My Dad called me on Saturday- from Chengdu, China. He has been traveling all over China for over a week now. When I saw the news this afternoon, my heart jumped. I called my mother immediately who still hadn't heard from my father. It was Tuesday morning there at the time, and she still hadn't heard from him.
My first immediate thought was to think the worst considering so many people have already died. He even mentioned that he was going to the Panda Game Park on Sunday, the one that was on the news because it has been out of contact.

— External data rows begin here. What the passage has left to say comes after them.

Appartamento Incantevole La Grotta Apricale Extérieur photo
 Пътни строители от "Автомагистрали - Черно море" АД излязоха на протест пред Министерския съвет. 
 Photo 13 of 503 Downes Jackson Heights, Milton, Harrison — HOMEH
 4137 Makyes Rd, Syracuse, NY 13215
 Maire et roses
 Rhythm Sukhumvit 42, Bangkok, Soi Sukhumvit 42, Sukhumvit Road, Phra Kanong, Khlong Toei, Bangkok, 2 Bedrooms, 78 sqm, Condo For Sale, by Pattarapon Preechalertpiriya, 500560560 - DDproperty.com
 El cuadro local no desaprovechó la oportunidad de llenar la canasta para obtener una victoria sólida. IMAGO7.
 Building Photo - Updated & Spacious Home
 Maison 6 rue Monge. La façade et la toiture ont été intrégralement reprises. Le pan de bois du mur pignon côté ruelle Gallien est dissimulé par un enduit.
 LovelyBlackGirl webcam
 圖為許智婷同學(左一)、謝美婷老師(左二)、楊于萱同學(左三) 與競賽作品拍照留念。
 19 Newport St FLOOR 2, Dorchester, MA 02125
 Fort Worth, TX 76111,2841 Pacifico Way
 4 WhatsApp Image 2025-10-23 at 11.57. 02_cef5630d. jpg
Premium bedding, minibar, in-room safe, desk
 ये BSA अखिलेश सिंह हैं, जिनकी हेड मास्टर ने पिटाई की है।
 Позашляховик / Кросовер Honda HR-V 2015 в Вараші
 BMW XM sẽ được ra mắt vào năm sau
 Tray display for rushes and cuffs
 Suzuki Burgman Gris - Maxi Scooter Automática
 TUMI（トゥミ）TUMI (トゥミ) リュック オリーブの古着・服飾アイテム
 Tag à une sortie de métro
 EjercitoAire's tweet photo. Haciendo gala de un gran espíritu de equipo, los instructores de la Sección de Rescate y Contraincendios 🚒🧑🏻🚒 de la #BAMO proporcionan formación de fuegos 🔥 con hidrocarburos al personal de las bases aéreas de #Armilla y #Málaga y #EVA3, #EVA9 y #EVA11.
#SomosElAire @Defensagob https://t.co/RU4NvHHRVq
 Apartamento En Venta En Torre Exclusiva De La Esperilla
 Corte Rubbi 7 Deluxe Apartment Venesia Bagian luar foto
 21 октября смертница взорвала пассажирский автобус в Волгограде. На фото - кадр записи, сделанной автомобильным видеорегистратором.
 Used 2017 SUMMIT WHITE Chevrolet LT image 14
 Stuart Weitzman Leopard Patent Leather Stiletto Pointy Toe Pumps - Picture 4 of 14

I will honestly admit that for a brief moment, a feeling of fear welled up in my heart. But then I thought about the Lord. I know that with a lot of tragic circumstances that have happened in my life, the Lord has often given me dreams of the person and woken me out of sleep to pray for them.
Then the thought came to me, "Lord, how come I did not think of my father before this?" I think I know the reason why...
Because my father is alright. I sent him a quick email and he wrote me back. He left Chengdu 18 hours before the earthquake. Whew! But let me tell, China felt alot closer to me today than it has in years because my Daddy is still there.
It is interesting to me...we feel like tomorrow is promised, but the Bible actually says that it's not.
It makes me think of this sweet little song...
"Just a closer walk with thee,
Grant it Jesus is my plea.
Daily walking close to thee,
When I walk help me walk close to thee."
Man, I want to walk closer to the Lord, there is no safer place to be.